Traditionally, a darling is anything you’ve written that you are overly attached to and is not essential to the piece you’re writing. But knowing what a darling is doesn’t guarantee the ability to distinguish between what needs revising/refining and what needs cutting.
Likewise, process darlings are the things you believe you must have, do or be to write well, but aren’t truly essential. For example, “I have to have at least an hour, a good cup of coffee and the sound of ocean waves to hear my muse.” Process darlings a common source of resistance.
Let’s start the darling hunt in the writing itself (we’ll look at process darlings in how we write in the next post). What works for me is an exercise I call “Fixed or Fluid,” which challenges you to identify the fixed points in your story.
If you’re a Doctor Who fan, you know that the term “fixed points” refers to events in history that cannot be altered, not even by the Doctor.

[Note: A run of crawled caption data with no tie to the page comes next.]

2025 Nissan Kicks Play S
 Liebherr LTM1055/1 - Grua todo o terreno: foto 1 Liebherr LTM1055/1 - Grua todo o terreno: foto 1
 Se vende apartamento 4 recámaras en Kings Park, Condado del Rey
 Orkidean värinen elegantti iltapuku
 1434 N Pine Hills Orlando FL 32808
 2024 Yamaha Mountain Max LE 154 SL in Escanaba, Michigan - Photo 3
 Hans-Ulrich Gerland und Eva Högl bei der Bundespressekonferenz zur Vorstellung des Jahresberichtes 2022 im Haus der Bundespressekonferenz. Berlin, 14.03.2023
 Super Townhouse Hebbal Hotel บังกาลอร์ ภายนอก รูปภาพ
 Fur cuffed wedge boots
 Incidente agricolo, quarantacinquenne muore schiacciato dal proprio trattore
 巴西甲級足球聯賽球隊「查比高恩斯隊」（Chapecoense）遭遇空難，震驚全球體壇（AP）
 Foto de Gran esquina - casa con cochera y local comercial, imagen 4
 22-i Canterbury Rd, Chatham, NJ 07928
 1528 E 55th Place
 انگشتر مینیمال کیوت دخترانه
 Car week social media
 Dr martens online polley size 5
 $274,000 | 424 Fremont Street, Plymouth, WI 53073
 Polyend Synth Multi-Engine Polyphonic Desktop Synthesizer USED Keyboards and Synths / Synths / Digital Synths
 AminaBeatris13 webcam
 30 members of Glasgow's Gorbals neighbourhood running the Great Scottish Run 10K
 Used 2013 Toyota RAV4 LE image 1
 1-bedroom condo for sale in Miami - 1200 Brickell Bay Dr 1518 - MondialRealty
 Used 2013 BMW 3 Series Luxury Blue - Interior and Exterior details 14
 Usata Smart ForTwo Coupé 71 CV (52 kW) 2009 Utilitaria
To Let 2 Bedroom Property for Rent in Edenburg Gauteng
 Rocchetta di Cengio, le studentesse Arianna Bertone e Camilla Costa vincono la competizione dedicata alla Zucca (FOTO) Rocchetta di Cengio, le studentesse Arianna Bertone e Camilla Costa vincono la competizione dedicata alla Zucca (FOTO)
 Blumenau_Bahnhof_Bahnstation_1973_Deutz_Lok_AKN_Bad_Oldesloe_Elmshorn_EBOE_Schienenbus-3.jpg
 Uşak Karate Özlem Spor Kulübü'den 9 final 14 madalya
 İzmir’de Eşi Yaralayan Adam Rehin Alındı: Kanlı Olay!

In this exercise, I define “fixed points” as the scenes or story elements that the author knows in her/his heart of hearts are truly essential. Changing these scenes or elements would mean writing a different story.
I haven’t tried it, but I suspect the Fixed or Fluid exercise could be fruitfully applied to nonfiction, perhaps even poetry.
We start the darling hunt by identifying what we are not hunting, what isn’t fair game.
Step 1. List the scenes you know must be in your story. (Or elements, points or images that have to be in your essay, chapter or poem.) Don’t look back at your draft, notes, outlines or anything else. Off the top of your head, what points are fixed in the time and space of your story?
Because you’re not looking at your draft or outlines, you’re not trying narrow your choices from a big field. You aren’t deleting. Instead, you create a list out of nothing. That keeps the number of fixed points reasonable.
Step 2. Everything that is not on the Fixed list up for grabs. By definition, anything that is not a fixed point is fluid and can be changed.
Step 3. Explore, brainstorm, dreamstorm, freewrite, draft or journal what could be changed IF you were to change a particular scene or chapter. Don’t worry about how you’d change anything yet, don’t worry about what other changes this change could trigger.
This step is all hypothetical. You are not committing making any of these changes. Think of this as creativity test — instead listing different ways to use a brick, you imagine how many other ways a particular scene could go.
Step 4. Set the results from Step 3 aside. Don’t think about them. Alright, at least try to not think about those other possibilities.
Step 5. A couple of days later, go darling hunting in your draft. Yes, you still have tough decisions to make about what actually needs to go and what needs to be refined (and how). But you will have unconsciously detached from some of your assumptions and the darlings will be easy to spot.
Step 6. When you find your darlings, be merciless.